Penduduk meninggalkan Bethlehem
Ini adalah tahun kedua Natal yang dibayangi oleh perang. Menurut pihak berwenang setempat, hampir 500 keluarga telah beremigrasi dari Bethlehem dalam beberapa bulan terakhir – jumlah yang cukup besar mengingat populasi penduduknya hanya sekitar 30.000 orang. Warga yang masih bertahan di Bethlehem mengatakan, yang pergi lebih banyak lagi daripada angka-angka resmi.
Kesulitan ekonomi hanya satu alasan, mengapa Bethlehem tidak merayakan Natal tahun ini. Dengan ribuan orang tewas di Jalur Gaza karena perang, tidak ada orang di sini yang ingin merayakan Natal dengan kemeriahan. "Tahun ini kami berdoa dalam keheningan – dan kami ingin mengirimkan pesan ke seluruh dunia,” kata pendeta Issa Musleh dari Gereja Ortodoks Yunani. "Kami sangat mengutuk apa yang saat ini terjadi di Gaza.”

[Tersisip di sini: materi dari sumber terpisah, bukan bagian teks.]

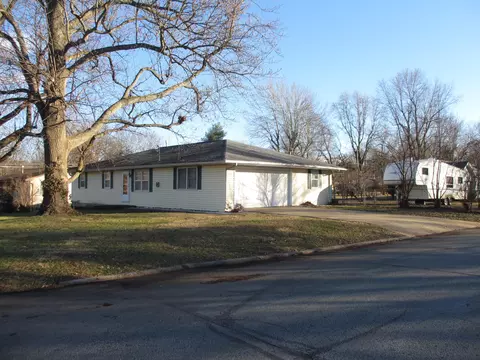 1016 W Walnut Lawn Ct, Springfield, MO 65807 photo 1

Lebih dari 700 warga Palestina telah terbunuh di Tepi Barat sejak perang dimulai, menurut PBB. Pada periode yang sama, 23 warga Israel tewas dalam kekerasan. "Saat ini, saat Natal, semua orang harus ingat bahwa Yesus dilahirkan di Bethlehem untuk menyerukan perdamaian," kata Issa Musleh.
Menanti kehidupan damai
Namun, dalam kondisi saat ini, harapan perdamaian terasa sangat jauh, kata Nadeem yang bekerja sebagai pelayan restoran.
Penduduk Bethlehem telah lama membuktikan bahwa hidup berdampingan secara damai adalah mungkin, ujarnya. Tidak banyak orang di restorannya, yang terletak tidak jauh dari Gereja Kelahiran Yesus.
Dia sendiri seorang Muslim, tetapi kuliah di universitas Kristen. Sebelum perang, dia punya banyak teman Yahudi. Israael hanya berjarak beberapa kilometer dari sini. Sebenarnya kita semua menginginkan hal yang sama, hidup sederhana dalam damai,” kata Nadeem.